-- RECORDS FOR PROCESSING --
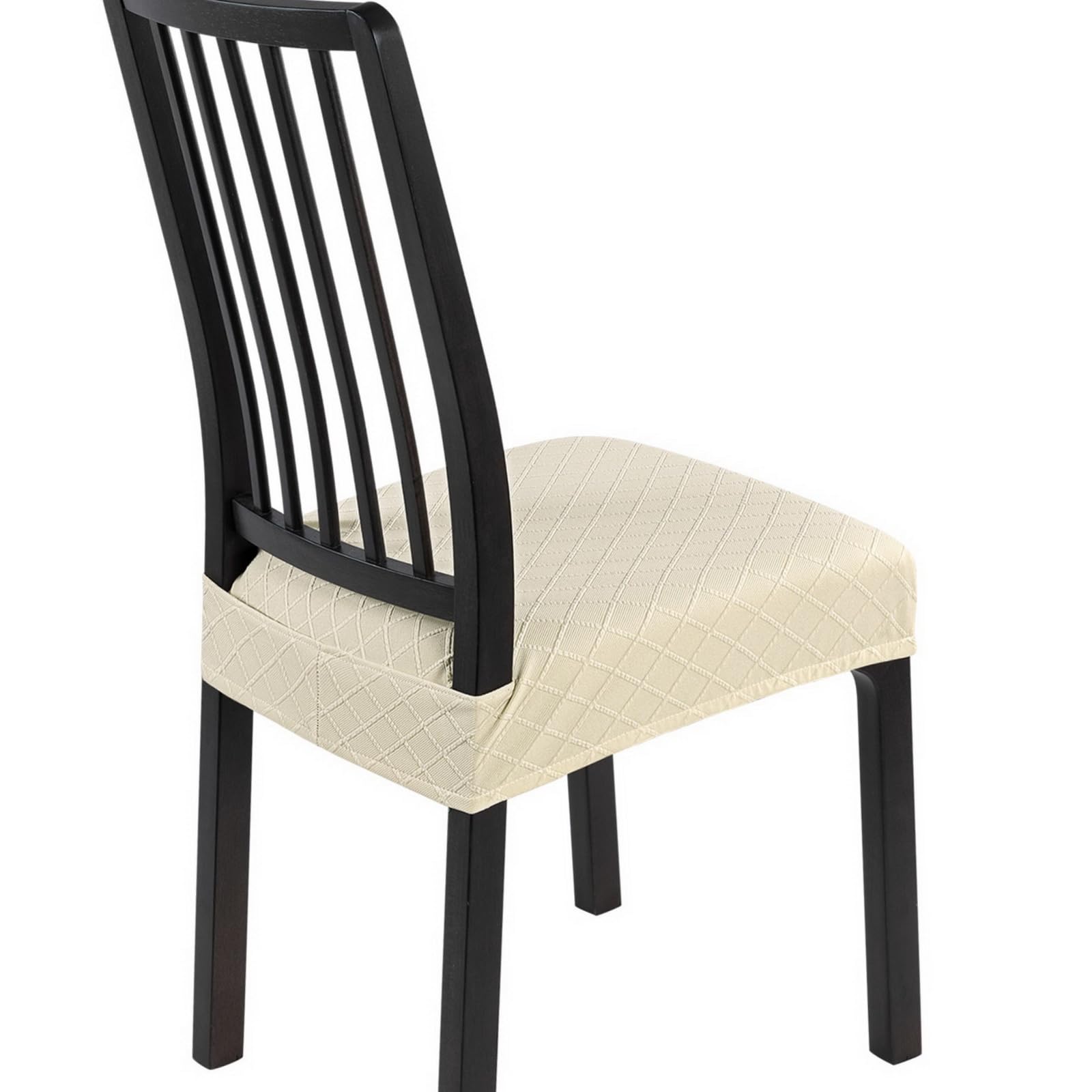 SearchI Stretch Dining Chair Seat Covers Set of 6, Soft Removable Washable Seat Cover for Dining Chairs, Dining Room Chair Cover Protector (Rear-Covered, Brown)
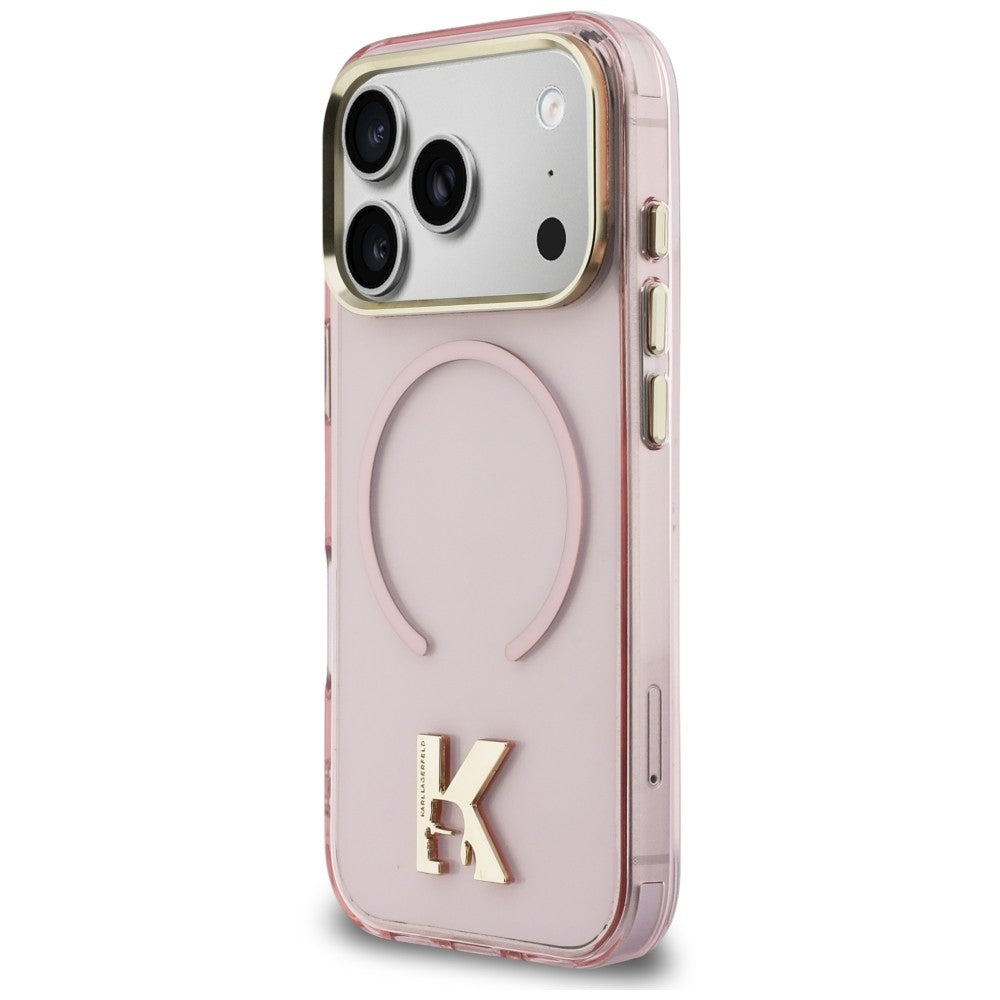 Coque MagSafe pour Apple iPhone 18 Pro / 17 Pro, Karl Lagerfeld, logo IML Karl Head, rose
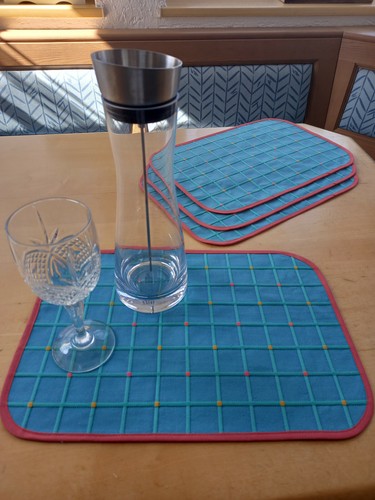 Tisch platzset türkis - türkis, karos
* * *
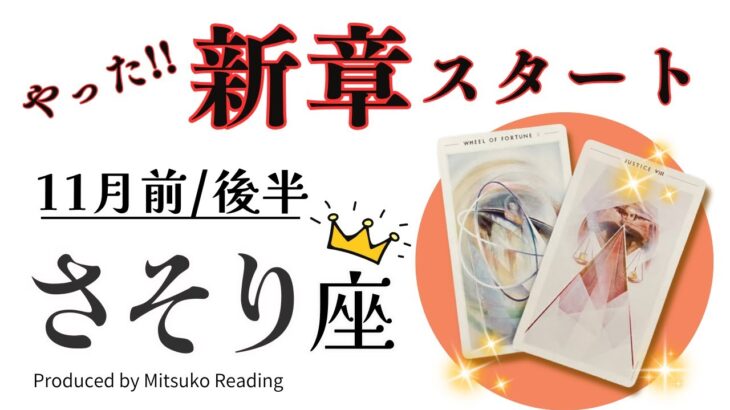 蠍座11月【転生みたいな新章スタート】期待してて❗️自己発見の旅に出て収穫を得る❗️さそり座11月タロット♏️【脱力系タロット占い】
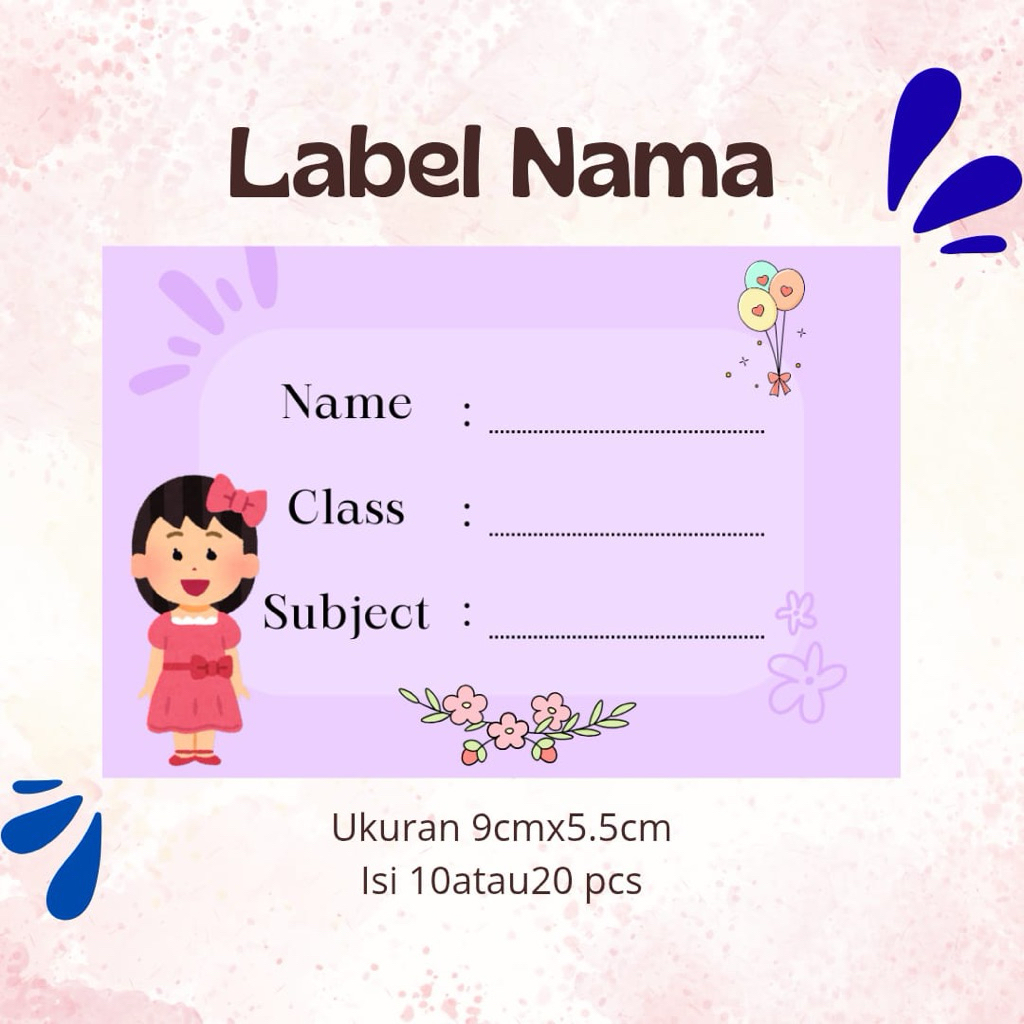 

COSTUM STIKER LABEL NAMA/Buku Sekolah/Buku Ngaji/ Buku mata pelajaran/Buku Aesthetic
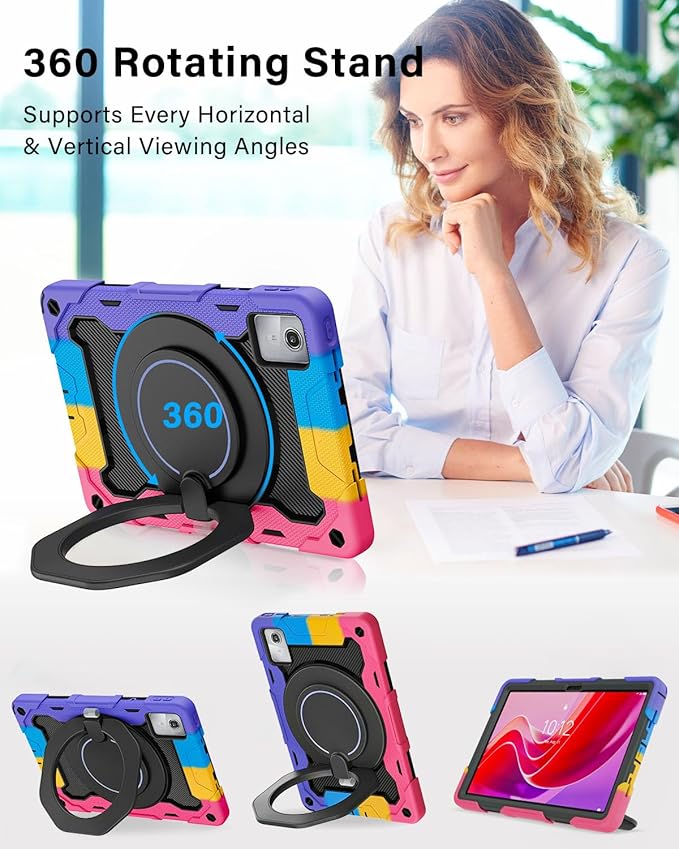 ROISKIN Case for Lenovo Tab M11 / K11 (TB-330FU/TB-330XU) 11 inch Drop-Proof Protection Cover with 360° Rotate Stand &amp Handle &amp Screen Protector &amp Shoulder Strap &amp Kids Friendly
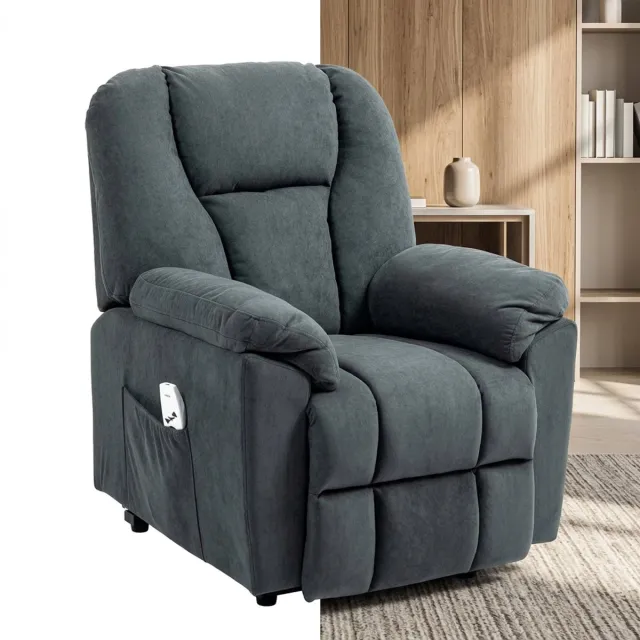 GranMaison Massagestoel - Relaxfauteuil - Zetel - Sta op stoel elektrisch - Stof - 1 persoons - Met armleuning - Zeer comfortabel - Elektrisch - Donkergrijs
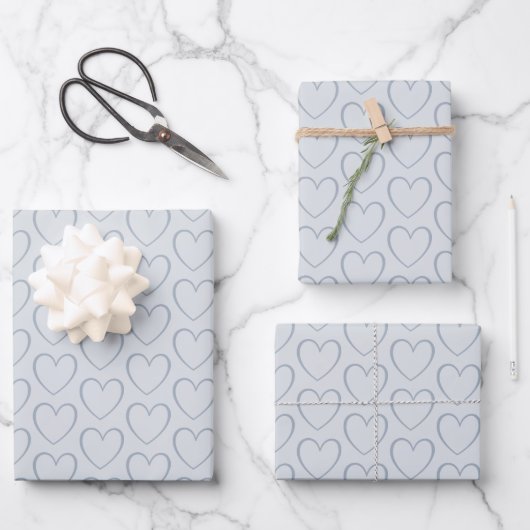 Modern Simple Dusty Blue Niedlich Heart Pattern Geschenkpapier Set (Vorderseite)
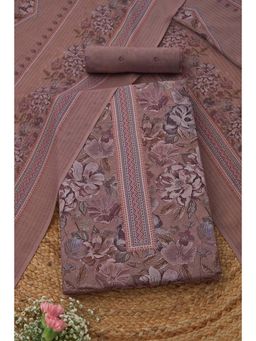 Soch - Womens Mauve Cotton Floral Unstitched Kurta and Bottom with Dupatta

-- WORK INSTRUCTIONS --
Copy only the lines above from the one containing "Modern Simple Dusty" through the one containing "Soch - Womens", both included. Leave out the pictures.

-- OUTPUT OF THE TASK --
 Modern Simple Dusty Blue Niedlich Heart Pattern Geschenkpapier Set (Vorderseite)
 Soch - Womens Mauve Cotton Floral Unstitched Kurta and Bottom with Dupatta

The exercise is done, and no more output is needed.